While I haven't received spam at my new email address, I just realized how futile it will be for me to try and stop it. My sister just sent me a "****** wants to talk to you" message that's apparently automatically generated by Microsoft Messenger or a Web site affiliated with it. Between that, evites, ecards, and tons of other "give us an email address and we'll let you annoy someone" systems, there's no way I can avoid having my new email address being sold. I'll be inundated eventually. I just wonder how long it will take.
Changing email addresses and obscuring your address is the equivalent of taking the long way to school to avoid the bully. It might save your ass getting kicked, but it doesn't solve the problem.

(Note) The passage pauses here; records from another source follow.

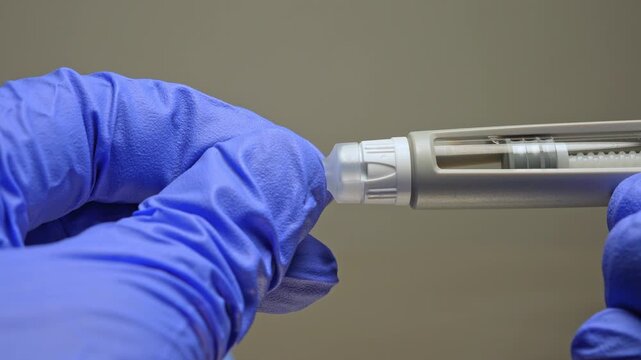 Semaglutide medication pen injector. GLP-1 drug to treat type 2 diabetes manage long-term weight and reduce risk of major cardiovascular events. 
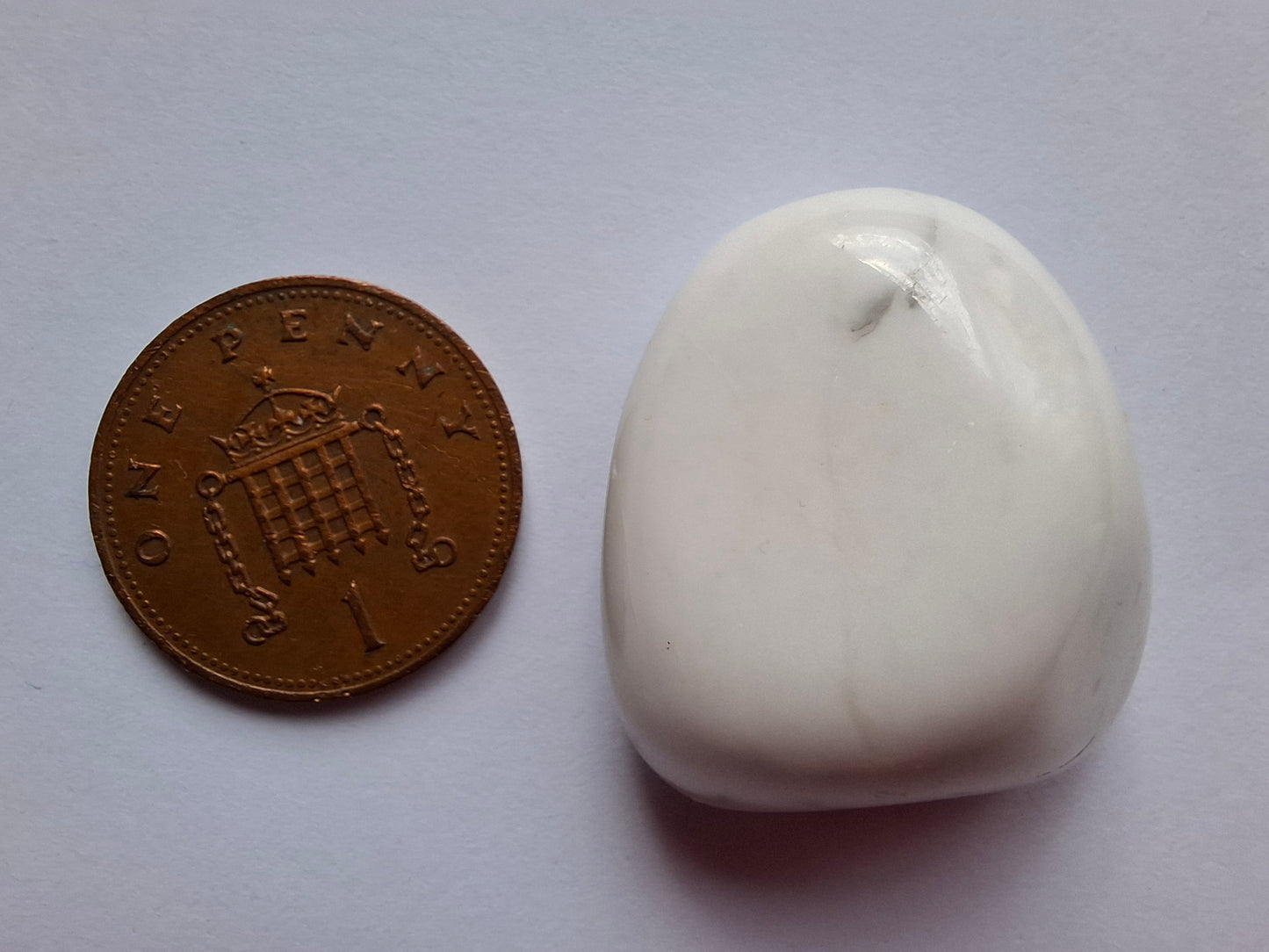 Howlite, Tumble Stone, Crystal (Ref: T34)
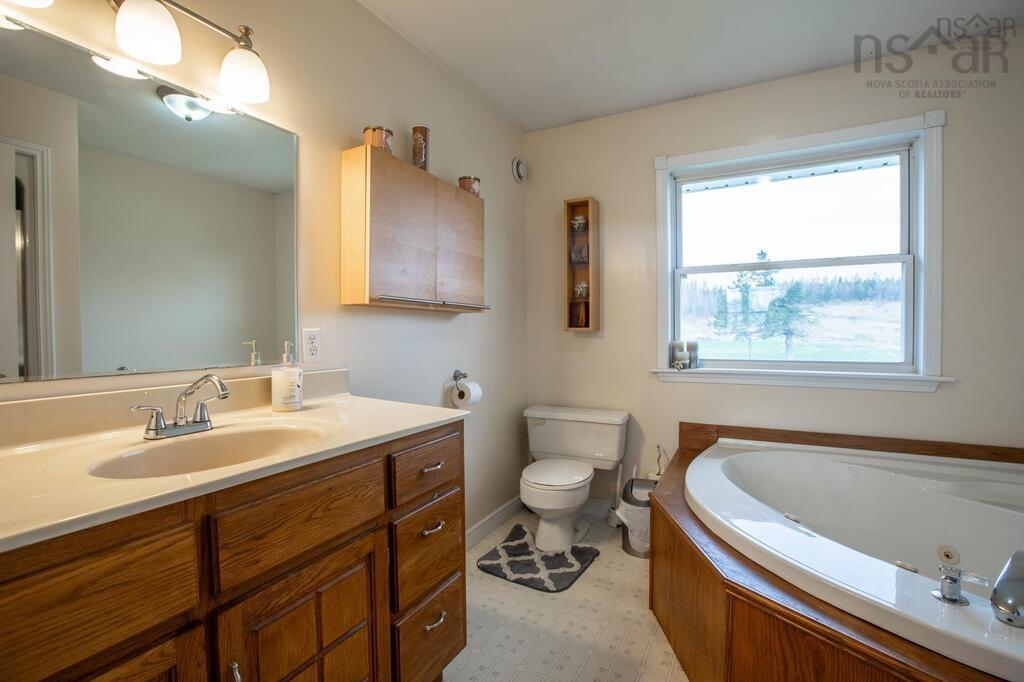 $699,900.00: 721 Indian Road, Nine Mile River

Plenty of spammers use dictionary attacks. You're thinking like a productively paranoid programmer. The point of spam is not to make sure all of the messages reach their intended destinations. The point of spam is to make sure enough reaches any destination that someone will buy the product.
The only user-level customizations I've done are: 1) auto-predjudice all mail containing microsoft executables as spam; 2) told it I only read english language/locales; and 3) whitelisted two addresses (but one is my mom).
My only behaviour I've needed to change is: saving false-negative spam into a folder so I can regularly feed it to 'sa-learn' to improve the bayes network.
Setup on the server was a piece of cake. The only real choice I had to make was whether to run it at user-level, or as a system daemon. I'm running the daemonized version, directly hooked into my MTA (exim; though it works just as well with sendmail and qmail). I didn't have to install any separate RBL-checking (which is built in) or tools like Virpul's Razor (which is an option, but I decided took too long to process each message). It takes 40 seconds realtime to pass an email through, but adds almost no server load (with 10 active users on the server). I think it spends most of its time waiting for results from the RBLs.